Jeremy Grantham ancora una volta chiama un crash del mercato azionario, facendo la felicità degli investitori contrarian. Nel frattempo la stagione degli utili entra nel vivo, con il mercato che ha corso non poco nelle settimane precedenti. Anticipando troppo?
Un inizio di settimana all’insegna di alcune fisiologiche prese di beneficio, è stato favorevolmente condizionato negli USA dai primi pronunciamenti politici riguardo la spinosa questione del tetto del debito federale, con lo speaker repubblicano al Congresso che ha annunciato la disponibilità di una maggioranza di voti sufficiente per “scalciare il barattolo” in avanti ancora di un anno, in cambio della disponibilità ad approvare misure contenitive di finanza pubblica. È un primo passo, ben visto dal mercato: passato a quel punto da un saldo negativo ad una performance positiva.

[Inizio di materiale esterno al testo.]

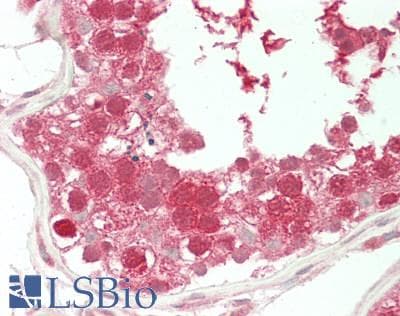 IHC-plus™ Polyclonal Rabbit anti-Human XPO5 / Exportin 5 Antibody (IHC, IF, WB)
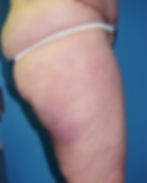 361375 liposuction thighs and flanks after04_edited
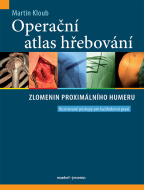 Operační atlas hřebování zlomenin proximálního humeru - cena, srovnání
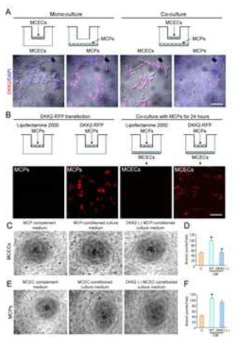 Pericyte-derived DKK2 migrates into endothelial cells and regulates angiogenesis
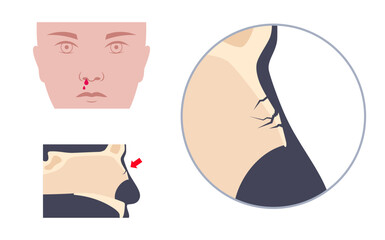 Nasal fracture poster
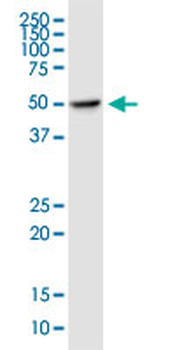 DDOST monoclonal antibody (M06), clone 2D7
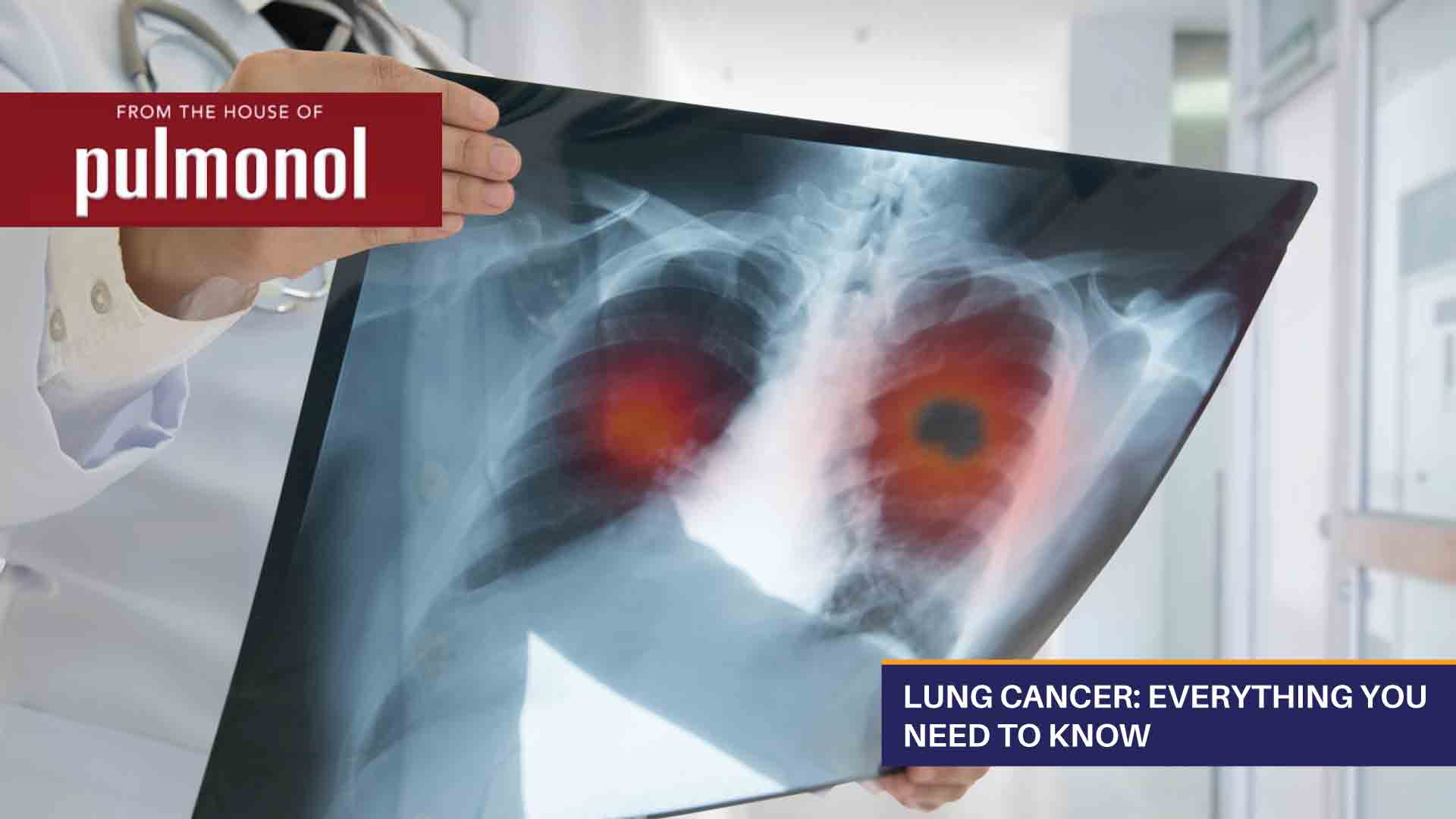 Lung Cancer: Everything You Need To Know thumbnail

Merito anche del tono favorevole del settore bancario, con gli istituti di maggiori dimensioni che hanno terminato la seduta in progresso del 2.5%; +2.8% per le banche regionali. Confortanti i risultati di bilancio di Charles Schwab, nel mirino alcune settimane fa, mentre oggi riportano Goldman Sachs e Bank of America.
Una volta ottenute rassicurazioni su questo fronte, l’attenzione dei trader si sposta sulla stagione degli utili del primo trimestre, da poco incominciata. Le stime parlano di un monte EPS in calo del 7.5% rispetto ad un anno fa, con il Q2 che denuncerebbe una analoga dinamica. Ma il mercato guarda in avanti con fiducia, a giudicare dal rally messo a segno di recente.

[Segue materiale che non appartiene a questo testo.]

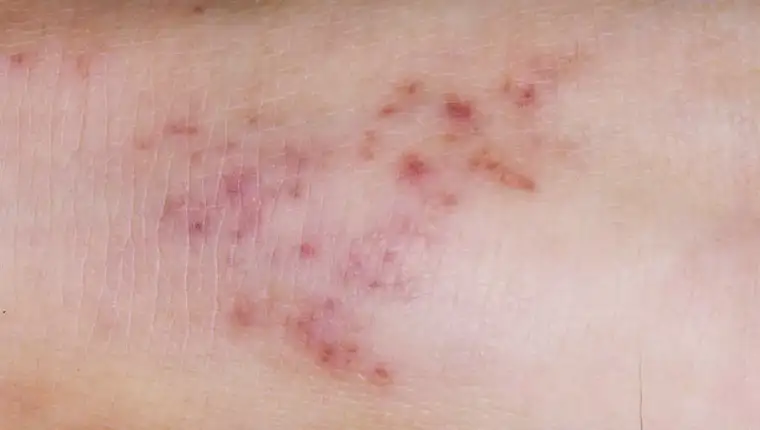 meningitis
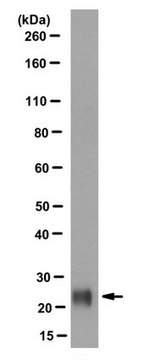 Anti-VSNL1 Antibody, clone 2D11 clone 2D11, from mouse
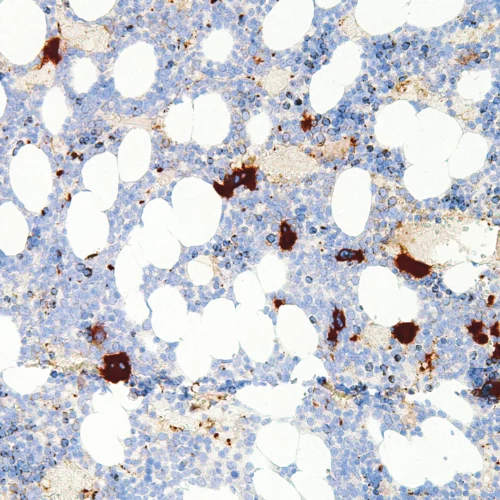 CD61-IHC061-Bone-Marrow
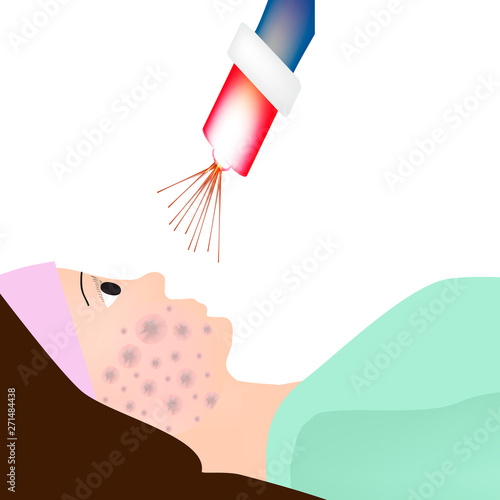 Skin scars after acne and pimples. Treatment of scars on the skin of the face with a laser. Infographics. Vector illustration on isolated background.
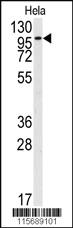 Anti-FGFR2 Rabbit Polyclonal Antibody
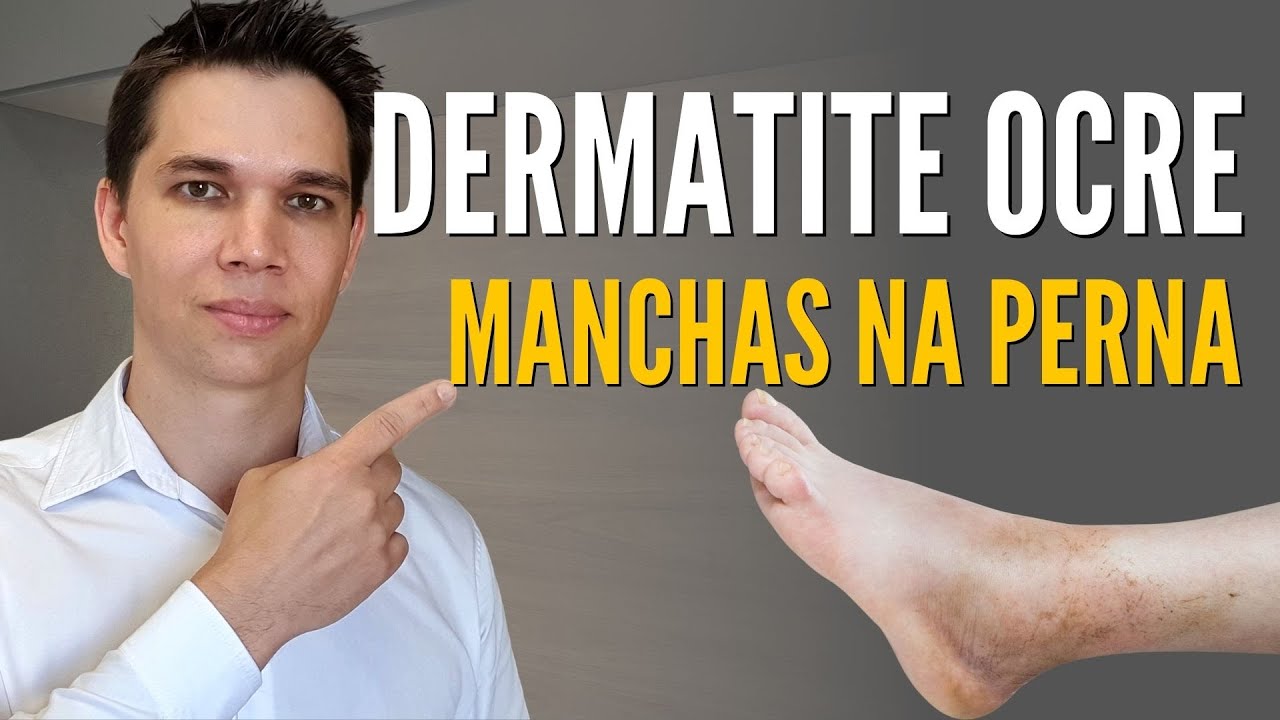 DERMATITE OCRE! Como clarear as manchas nas pernas?!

Con un progresso di quasi il 7%, il mese che ha preceduto questa earnings season risulta il 14esimo migliore della storia. Bisognerebbe risalire al 2009 per scorgere un preambolo borsistico così generoso. L'esame di tutti i precedenti analoghi fornisce un'idea di cosa aspettarsi nei prossimi mesi. Soprattutto, è abbastanza da rigettare l’ipotesi che il mercato abbia scontato il meglio possibile, e possa andare incontro a rigurgiti ribassisti.

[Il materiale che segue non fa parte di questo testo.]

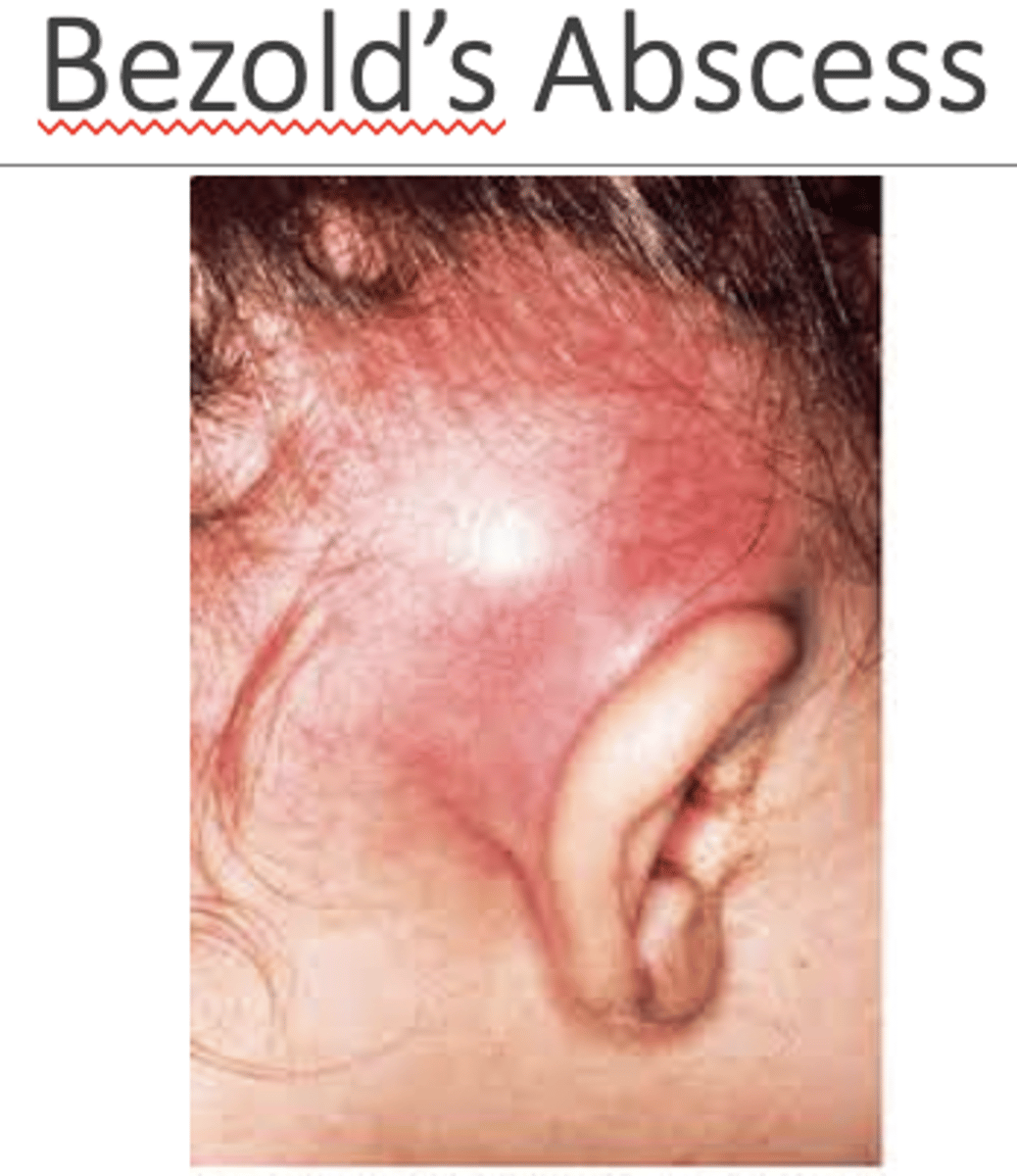 <p>-Complication of Acute Otitis Media</p><p>-Spreads to antrum of mastoid</p><p>-Agents: MC is S. Pneumo</p><p>-Symptoms: Hx of AOM; post-auricular pain; erythema; fever</p><p>-CT findings: Coalescence of mastoid air cells due to bone destruction</p>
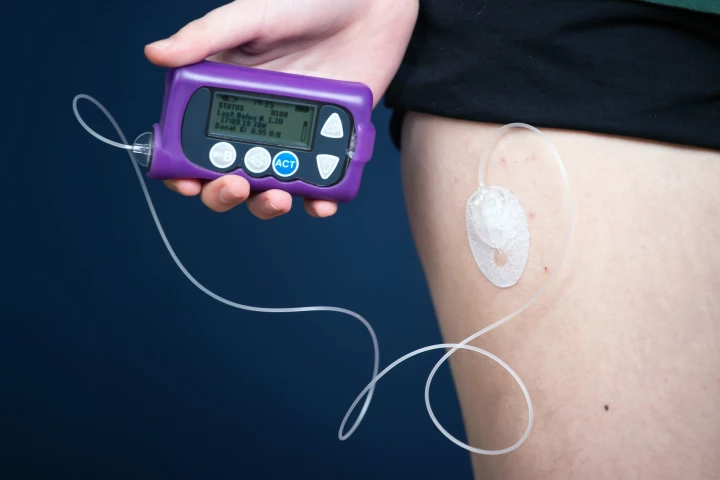 An old drug may be repurposed to modify the course of type 1 diabetes after diagnosis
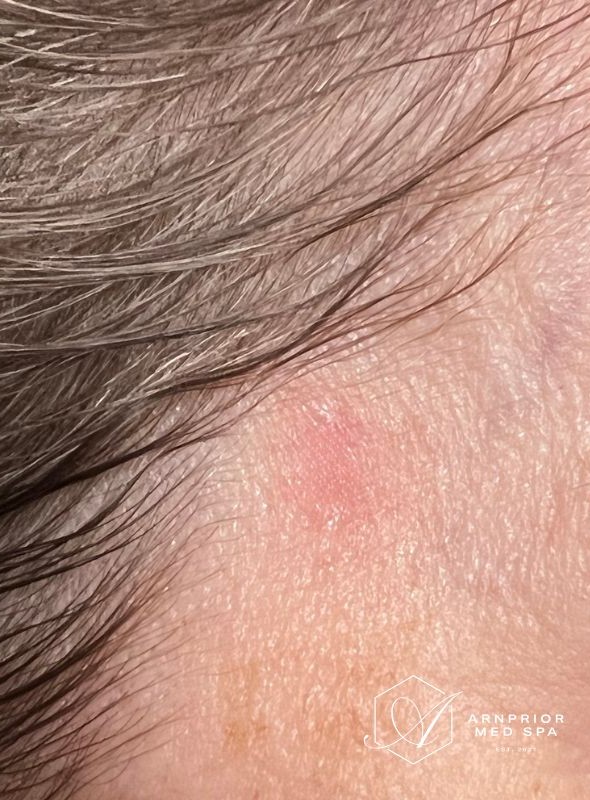 Port wine stain after removal with vascular laser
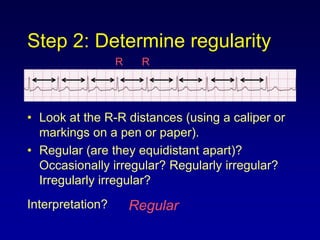 2.How to analyze a rhythm.ppt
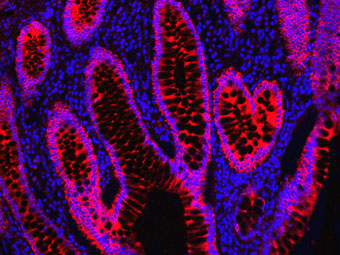 免疫组化-IHC-免疫组织化学技术-赛默飞 | Thermo Fisher Scientific - CN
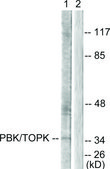 Anti-PBK antibody produced in rabbit affinity isolated antibody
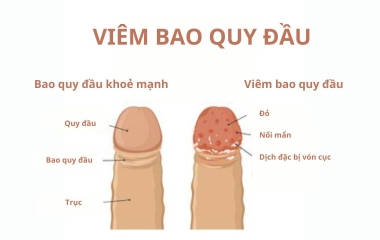 Viêm Bao Quy Đầu: Nguyên Nhân, Triệu Chứng và Cách Điều Trị Hiệu Quả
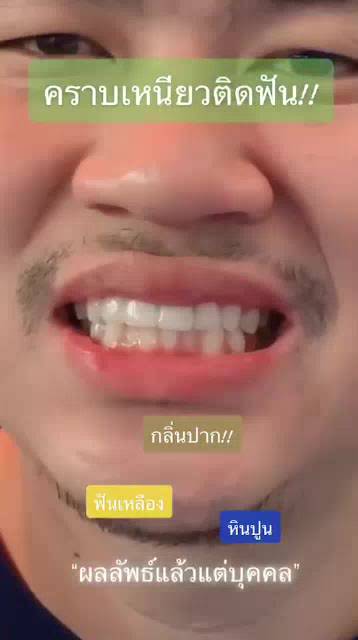 1แถม1-รางฟอก-ส่งฟรี-ไม่ต้องใช้โค้ด-เจลฟอกฟันขาว-ยาสีฟันฟอกฟันขาว-dental-switz-ฟันขาวฟอกเองที่บ้าน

Se ne farà una ragione Jeremy Grantham, che venerdì è tornato a tuonare nei confronti del mercato azionario americano, prevedendone un crollo del 27% nella ipotesi più benigna. Aggiungendo questa ulteriore chiamata al suo track record non del tutto cristallino negli ultimi quindici anni. Un salutare e benvenuto mattone nel muro di paura.
È naturale che gli investitori temano il peggio. È comprensibile, alla luce degli eventi che le cronache finanziarie e non ci consegnano a ripetizione. Ma dal minimo di ottobre sono passati ormai più di sei mesi, e se da un lato molti non si rassegnino alla (remota) possibilità di rivedere quei minimi, la statistica rivela diversamente: quando un bottom qualificato – intendendosi per esso il culmine di un ribasso superiore al 25% - è seguito da un rally che si estenda per oltre sei mesi, come è avvenuto di recente; lo S&P500 nei sei mesi successivi ha realizzato nuovi minimi praticamente in un solo episodio, sui 13 registrati dal Dopoguerra ad oggi.